When we talk about PCA we say that we use it to reduce the dimensionality of the data. For instance, we have 2-d data, and using PCA we reduced the dimensionality to 1-d.
The first component will be in such a way that it captures the maximum variance. What does it mean that the 1st component has max. variance?

Also, if we take 3-d data and reduce its dimensionality to 2-d then the 1st component will be built with max variance along the x-axis or y-axis?

In a nutshell, PCA works by first centering the data at the origin (subtracting the mean from each data point), and then rotating it to be in line with the axes (diagonalizing the covariance matrix into a “variance” matrix). The components are then sorted so that the diagonal of the variance matrix is in descending order, which translates to the first component having the largest variance, the second having the next largest variance, etc. Later, you squish your original data by zero-ing out less important components (projecting onto principal components), and then undoing the aforementioned transformations.

To answer your questions:

  1. The first component having the max variance means that its corresponding entry in the variance matrix is the largest one.
  2. I suppose it depends on what you call your axes.

Source: Probability and Statistics for Computer Science by David Forsyth.

1 Like

Let’s imagine that we have the following dataset.
You want to choose principal components that maximize variance.

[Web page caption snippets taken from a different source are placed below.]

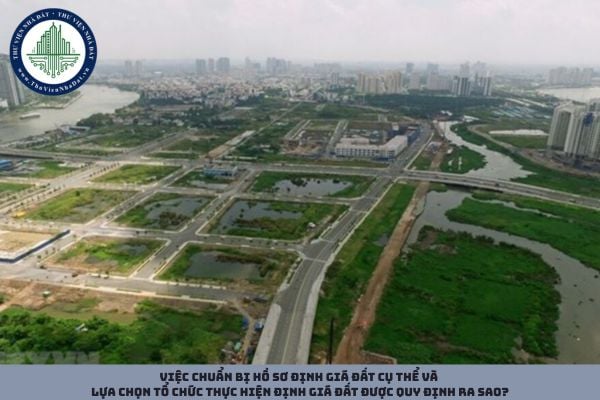 Việc chuẩn bị hồ sơ định giá đất cụ thể và lựa chọn tổ chức thực hiện định giá đất được quy định ra sao?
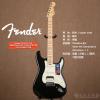 Fender 011-4112-710 American Elite STRATOCASTER HSS SHAWBUCKER
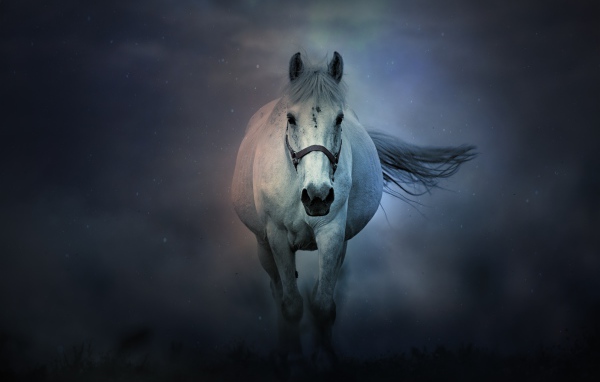 Большая белая лошадь бежит в тумане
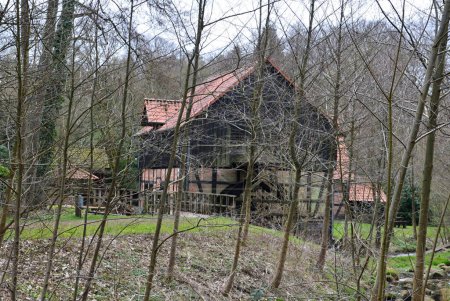 Historische Wassermühle im Frühling, Cordingen Niedersachsen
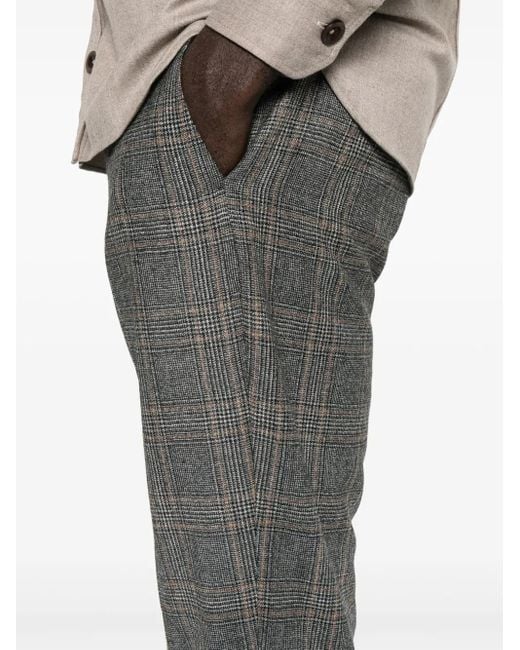 PT Torino Karierte Hose in Gray für Herren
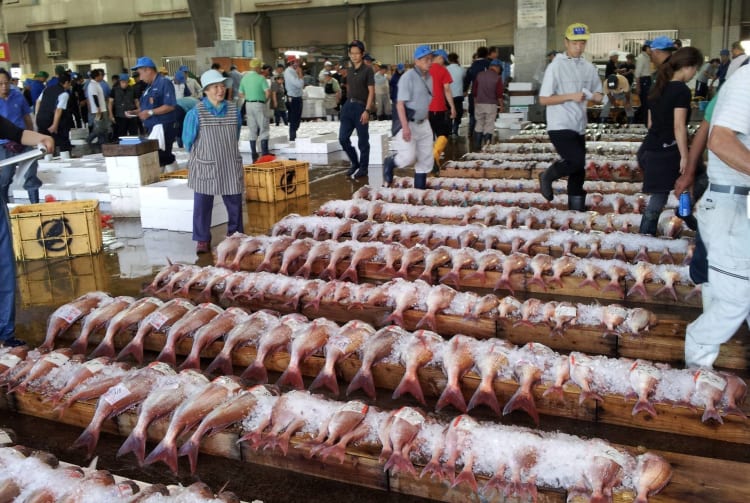 Kagoshima Fish Market Tour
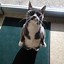 Image result for Cute Cat Standing Up
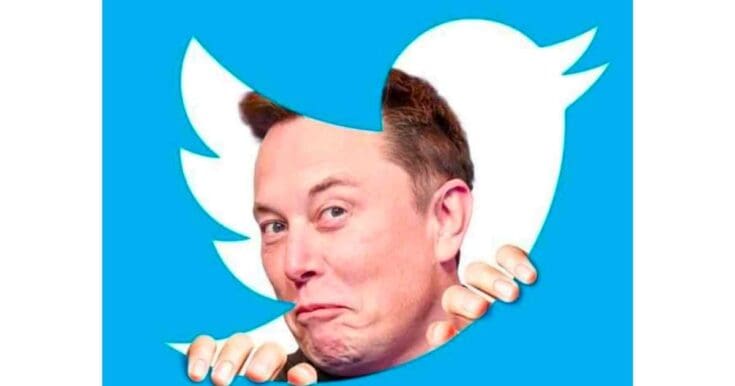 elon musk twitter memes funny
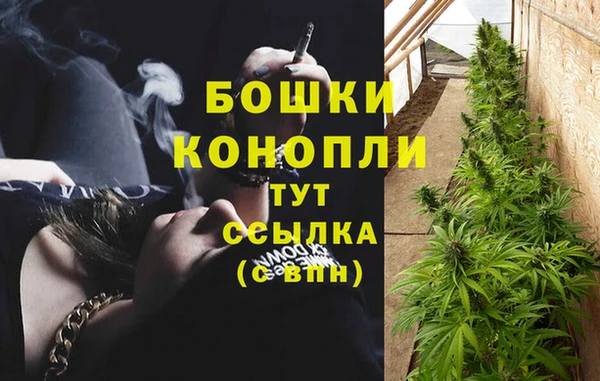 стаф Новозыбков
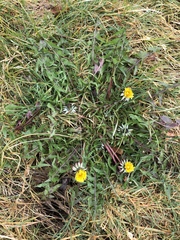 Taraxacum lamprophyllum
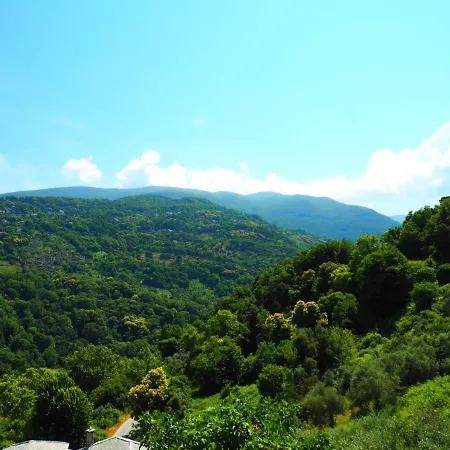 Felitsia & Studios Apartment *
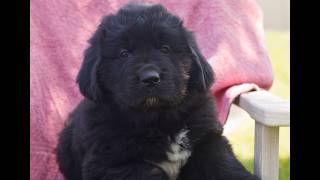 Video preview image #1 Newfoundland Puppy For Sale in KINZERS, PA, USA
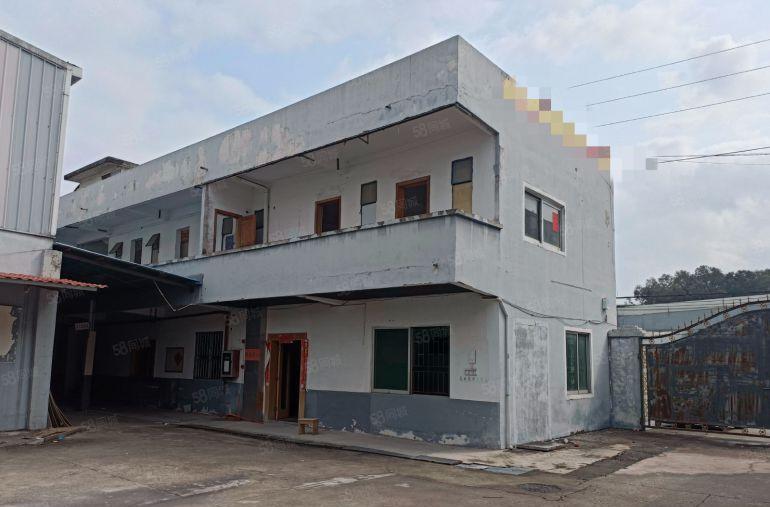 横沥镇原房东独门独院单一层钢构低价出租水电齐全交通方便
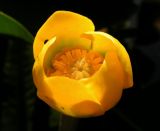 Nuphar pumila. Цветок. Владивосток, Ботанический сад-институт ДВО РАН. 05.09.2013.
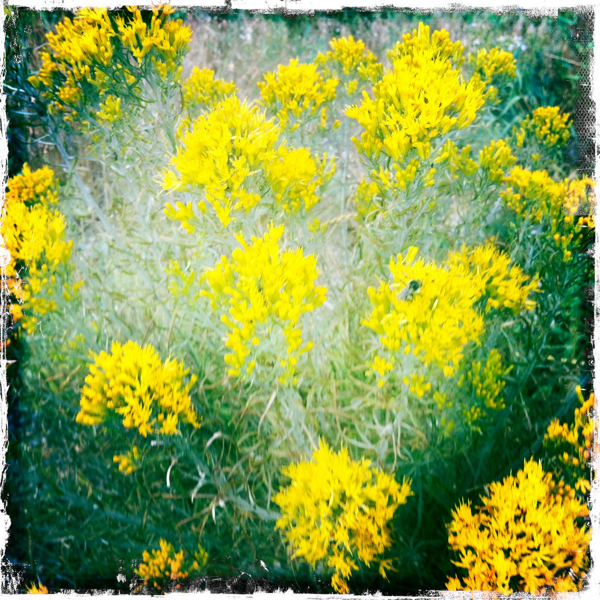 Hip 336345927.648250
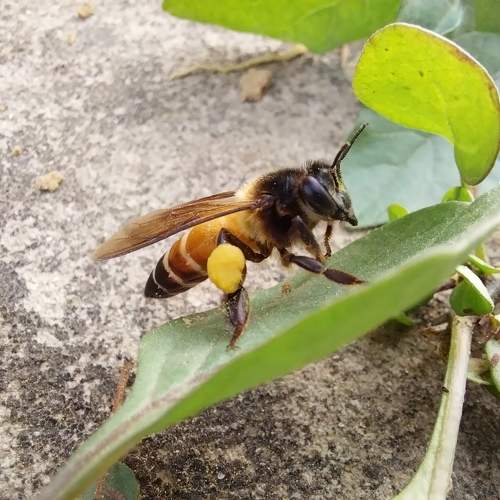 Photo #10023871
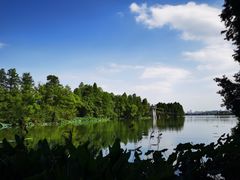 -东湖落雁景区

You do the following:

  • Draw a line through the dataset
  • Project all data points on the line you have drawn
  • Choose the one with the largest variance

In the picture shown above, it is the one with the largest width. Since the data points are spread apart, it should give you the largest variance if you care to calculate it.

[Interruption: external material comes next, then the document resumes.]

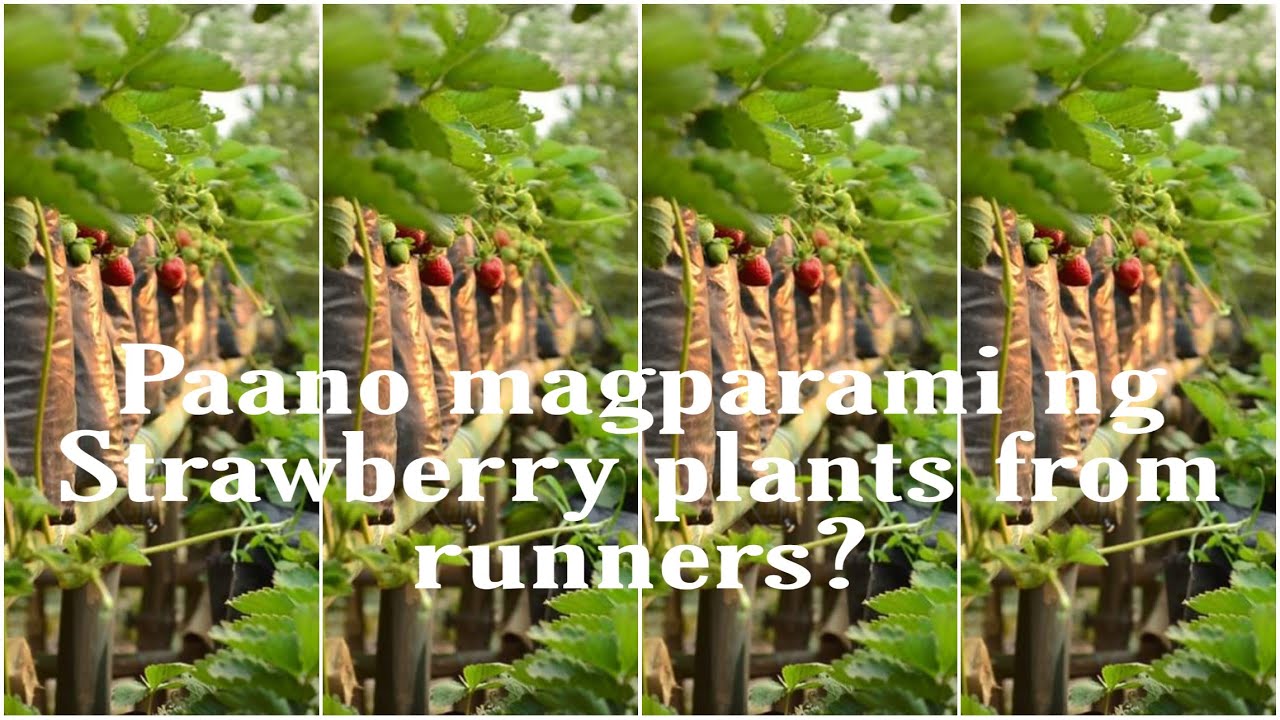 How to propagate strawberry plant? 🍓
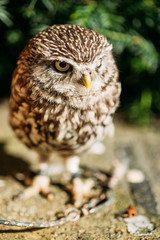 The small owl. Wild bird. Nature. Outdoor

This is when you want to pick the first principal component. To pick the second principal component:

  • Draw a line, but this time it should be orthogonal to the first principal component
  • Project the points to this line
  • Choose the one with the largest variance

To pick PC2, it means the dimension of your data should be greater than 2. The picture above has two dimensions. So you can reduce to 1 with PCA.

In order to pick the PC2 we need to draw a line first then check out for larger variance?
Also the variance for principal_components is considered as the spread of points no? so for C2 in above image the spread of points (variance) is seen as in the North-West to South-East direction, am I right?

Also, the PC2 should be orthogonal to PC1. So, the PC3 should be orthogonal to PC1 and PC2 both or orthogonal only to PC2?